Выбрать главу

И каким мятежным дыханием охвачены его строки, призывающие гнев Божий «на чела бледные царей». «И вот какие люди ведут теперь судьбы России сквозь самый ужасный кризис, когда-либо сотрясавший мир! Нет, невозможно не чаять близкого неминуемого конца этой возмутительной бессмыслице, страшной и в то же время нелепой, заставляющей в одно и то же время хохотать и скрежетать зубами, этому противоречию между людьми и делом, между тем, что есть и что должно быть. Перед нами все еще видение Езекииля: поле покрыто сплошь сухими костями. Эти кости оживут ли? Ты веси, Господи. Но, конечно, оживить их могло бы разве дыхание Божие — дыхание бури»!..

Несчастные позорные войны, неизбежно пробуждающие революционный дух, не пронеслись бесследно мимо Тютчева. Они зажгли в нем пафос возмущения и до пророчества прояснили его восставшую и негодующую душу.

Среди его политических строф есть одно поразительное прорицание. В стихотворении «На новый 1855 год», за полтора месяца до кончины государя, Тютчев предсказывает его смерть, как неизбежное возмездие за вызванную им бессмысленную катастрофу.
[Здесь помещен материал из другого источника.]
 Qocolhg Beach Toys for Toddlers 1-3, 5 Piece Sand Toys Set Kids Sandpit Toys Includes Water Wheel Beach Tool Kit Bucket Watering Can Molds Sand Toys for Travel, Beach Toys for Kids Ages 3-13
Он заявляет, что рождающийся в железной колыбели год будет «не просто воитель», но исполнитель Божьих кар:

Для битв он послан и расправы, С собой несет он два меча: Один — сражений меч кровавый, Другой — секира палача. Но на кого: одна ли выя, Народ ли целый обречен? Слова неясны роковые И смутен замогильный сон.

Тютчев имел право сказать в первой строфе стихотворения, что раскрывает в нем «не свое», но бред пророческих духов. Предопределением свыше веет от этих цареубийственных строк. Кажется, они насквозь охвачены ужасом отсекновения венчанной главы.

Мрачное трехлетие севастопольской войны тяжко ранило Тютчева. И глубоко измученный позорными событиями, он переводит знаменитую строфу Микеланджело с плиты спящей Ночи:

Молчи, прошу, не смей меня будить! О, в этот век преступный и постыдный Не жить, не чувствовать — удел завидный, Отрадно спать, отрадней камнем быть!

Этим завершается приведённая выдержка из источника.